Rocío Zamorano Pérez tenía 15 años cuando su papá, Francisco, se fue de la casa. Al año siguiente, ella hizo lo mismo. Francisco Zamorano se fue a vivir con su madre, Brunilda Marfull, quien vivía a pocas cuadras de la casa de Pilar Pérez, y Rocío se fue a la casa de su abuela materna, Aurelia López, y vivía en la misma casa que Agustín Molina, su tía Gloria Pérez y su prima Belén. La familia en el tercer piso; Rocío y su abuela en el segundo. La relación entre padre e hija continuó siendo igual de cercana. Con su madre pasó años sin verse; en otros períodos tenían una relación que Rocío califica de "cordial".

Uno de los momentos más complicados del último tiempo los vivió cuando hace seis años se casó con Rodrigo Arroyo, vecino de La Pintana, sin estudios superiores (hoy está estudiando psicología).
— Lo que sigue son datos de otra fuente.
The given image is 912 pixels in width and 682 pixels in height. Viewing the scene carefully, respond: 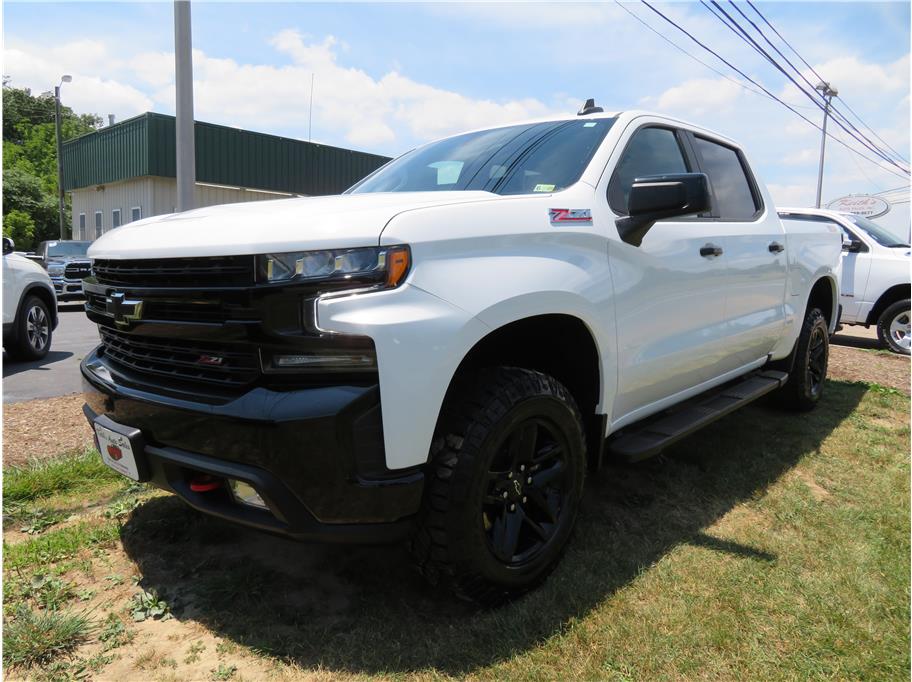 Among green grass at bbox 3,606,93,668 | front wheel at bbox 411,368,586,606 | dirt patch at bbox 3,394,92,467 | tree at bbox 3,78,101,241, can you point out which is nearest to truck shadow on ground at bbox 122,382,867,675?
front wheel at bbox 411,368,586,606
-Ella quería que me casara con un millonario, y consideraba que mi marido era poca cosa. De hecho, nos lo gritó desde un lado a otro de la calle: ¡Muerto de hambre! Nos amenazó con que no iba a dejar casarnos, así que en el último momento cambiamos el lugar del matrimonio para que ella no pudiera echarlo a perder. Terminamos casándonos en Curacaví, con mi papá, mi madrina, el marido de mi madrina, mi prima chica y mi abuela paterna.

-¿Se imaginó alguna vez que Pilar Pérez terminaría siendo una asesina?

-Mi papá sí se lo imaginaba. Tenía una obsesión con el tema. Decía: ¡La loca me va a dar por muerto! Le tenía terror. Vivían cerca, y cuando mi papá la veía en la calle corría a esconderse.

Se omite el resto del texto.